**Action item:** The answer must consist only of the lines in the records below from the line with "Cotton Hooded Full Zip" to the line with "Dark Blue Emoji Keyboard APK", both included, copied word for word with every picture left out.

**Provided records:**
-- Opening Marker --

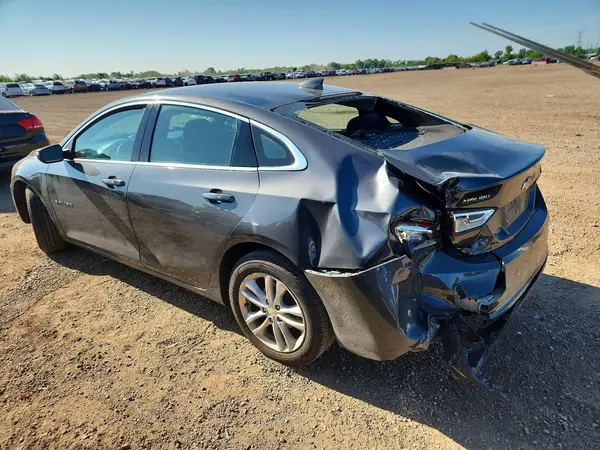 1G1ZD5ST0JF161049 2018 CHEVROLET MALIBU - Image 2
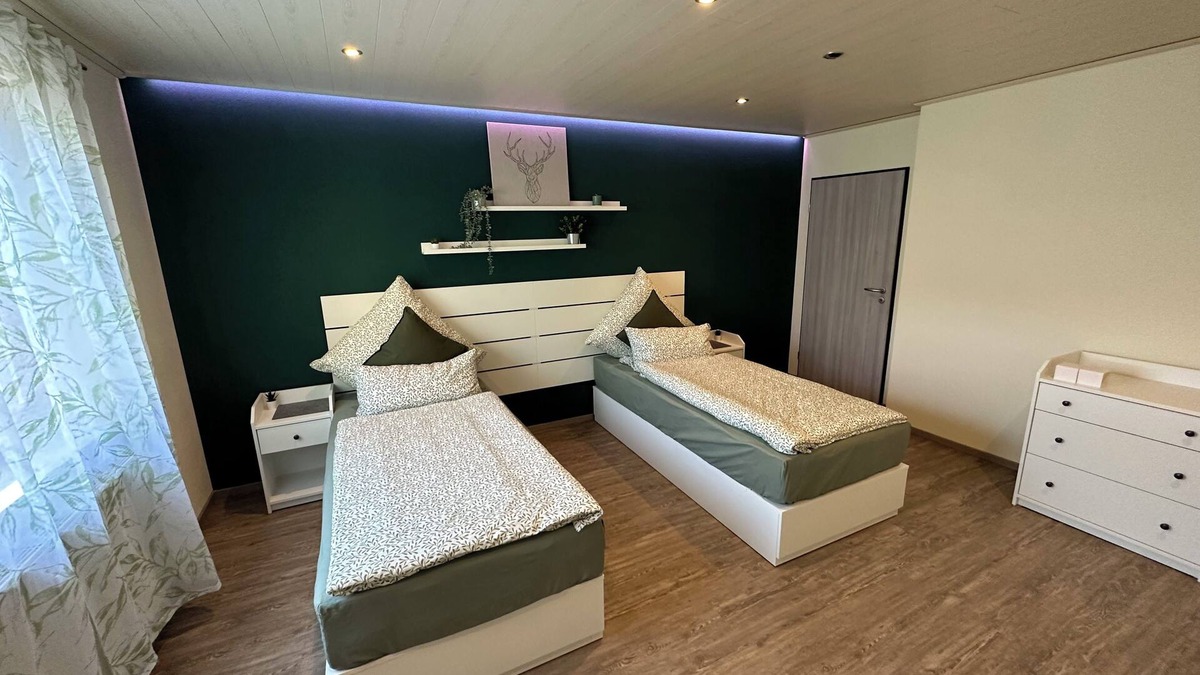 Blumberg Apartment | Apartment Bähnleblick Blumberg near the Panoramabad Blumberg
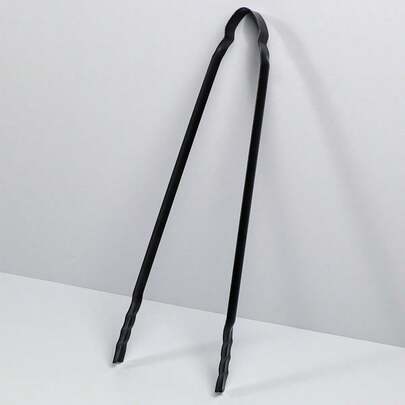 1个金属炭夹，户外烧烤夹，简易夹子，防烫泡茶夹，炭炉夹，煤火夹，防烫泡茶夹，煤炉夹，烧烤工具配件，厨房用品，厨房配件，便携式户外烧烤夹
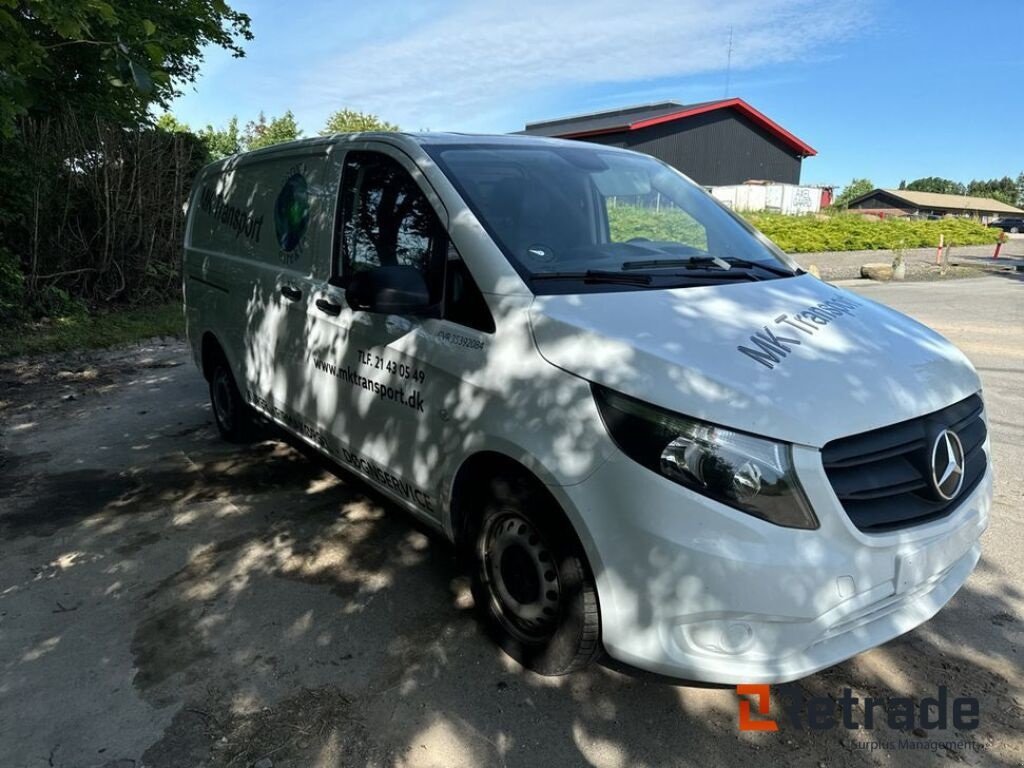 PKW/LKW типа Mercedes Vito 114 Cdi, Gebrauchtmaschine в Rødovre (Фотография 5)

-- Closing Marker --
-- Opening Marker --

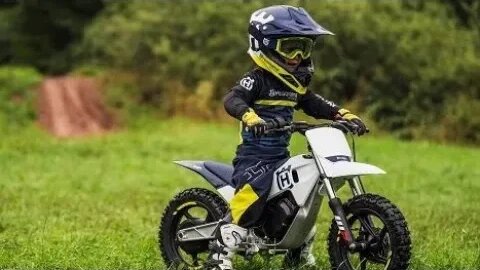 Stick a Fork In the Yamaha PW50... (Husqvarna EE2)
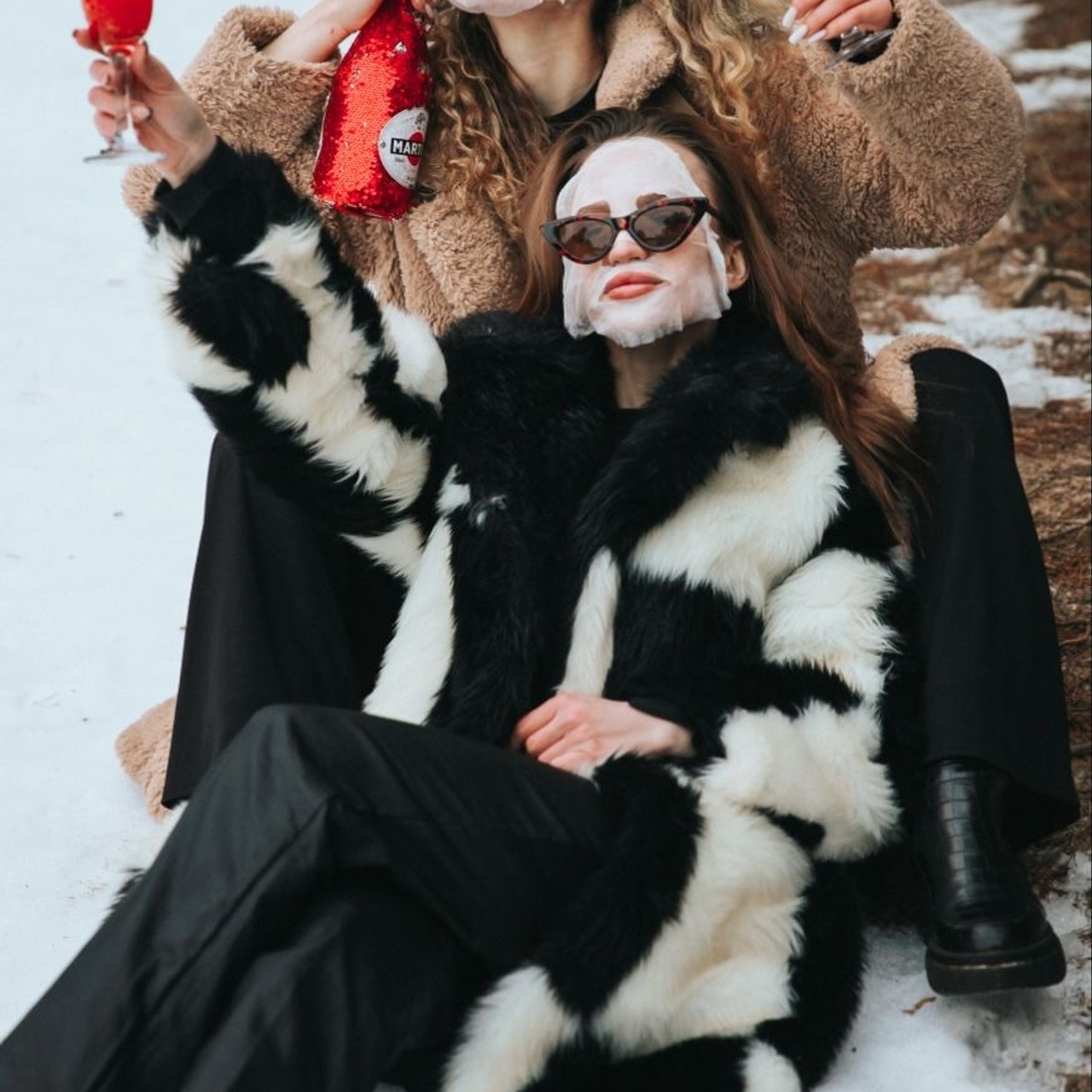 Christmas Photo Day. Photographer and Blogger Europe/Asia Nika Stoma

-- Closing Marker --
-- Opening Marker --

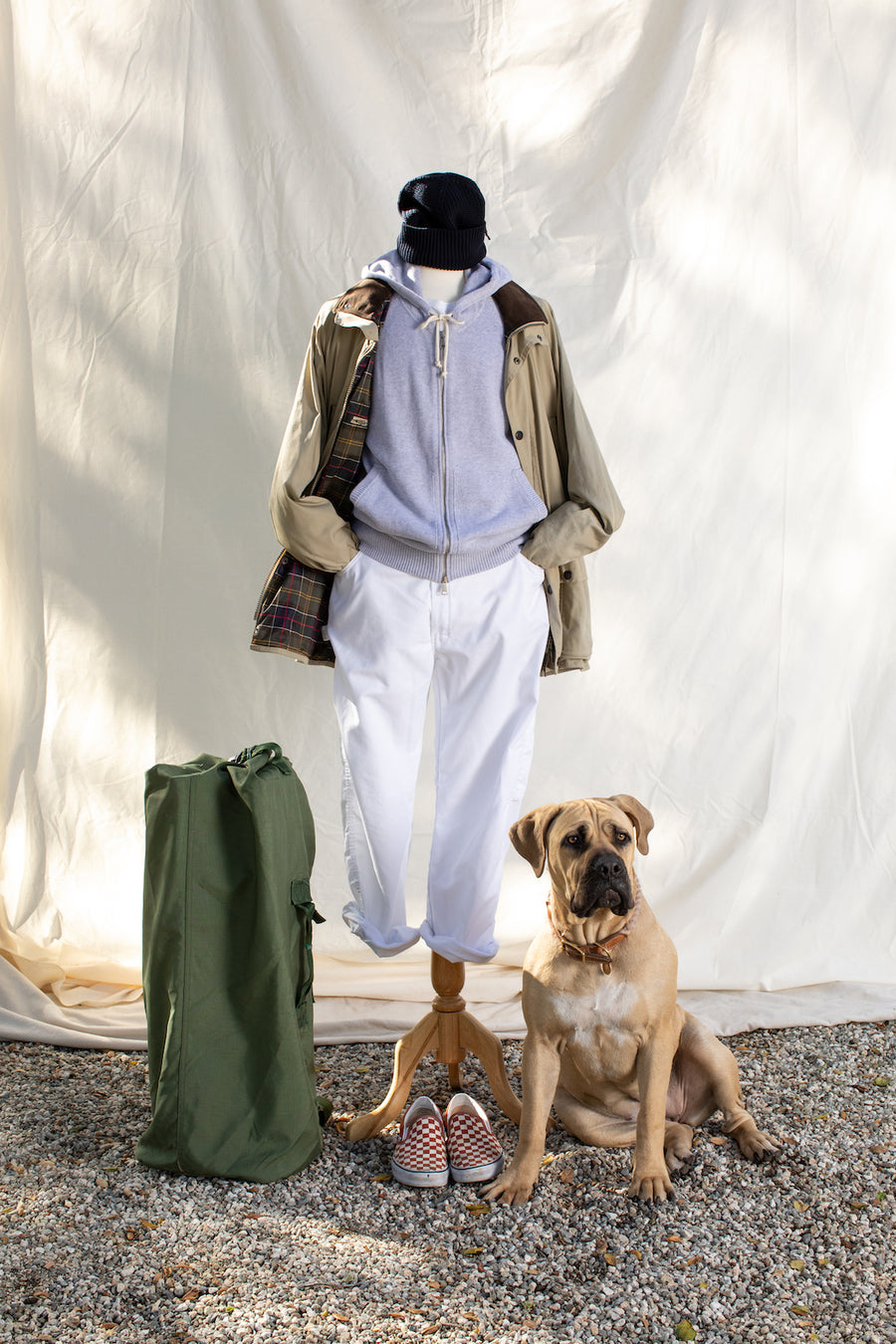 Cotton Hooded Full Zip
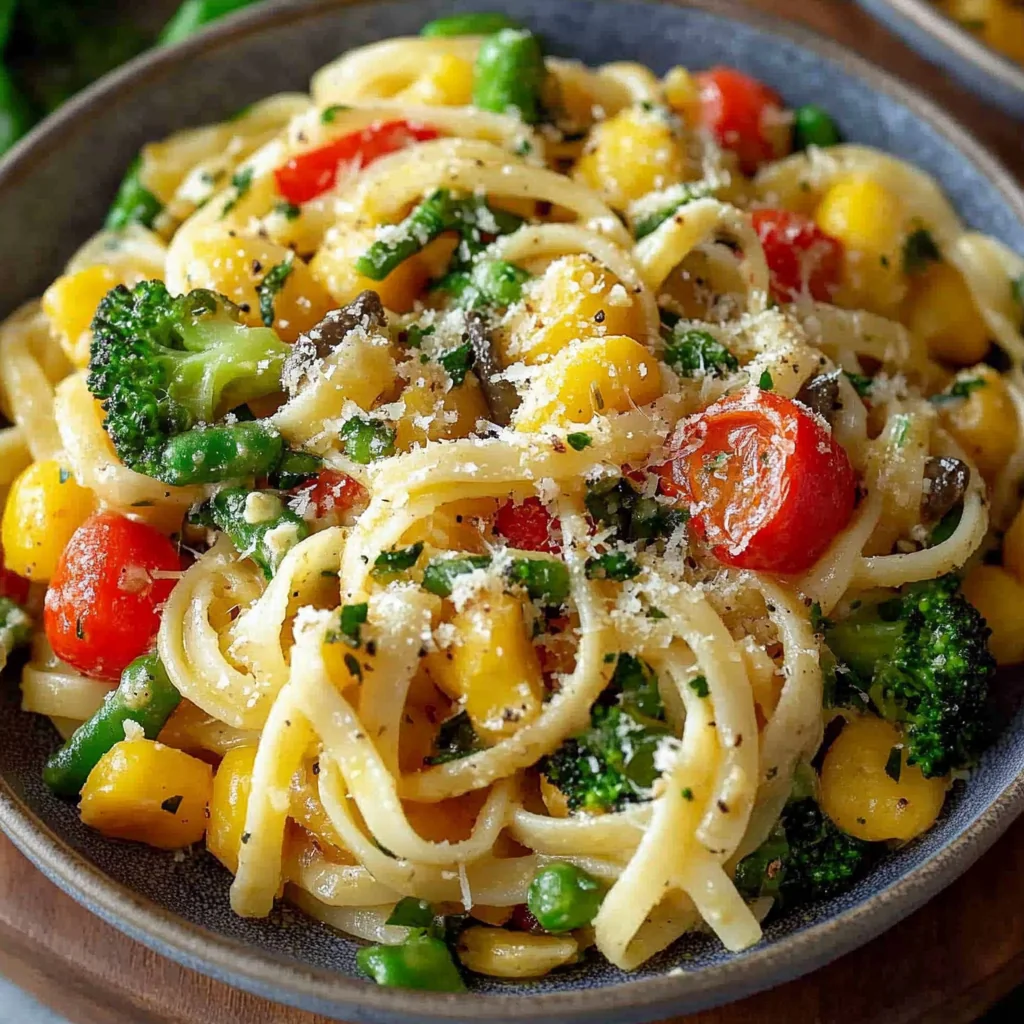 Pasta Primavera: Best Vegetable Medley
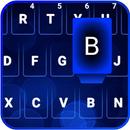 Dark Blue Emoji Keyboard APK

-- Closing Marker --

**Solution for this task:**
 Cotton Hooded Full Zip
 Pasta Primavera: Best Vegetable Medley
 Dark Blue Emoji Keyboard APK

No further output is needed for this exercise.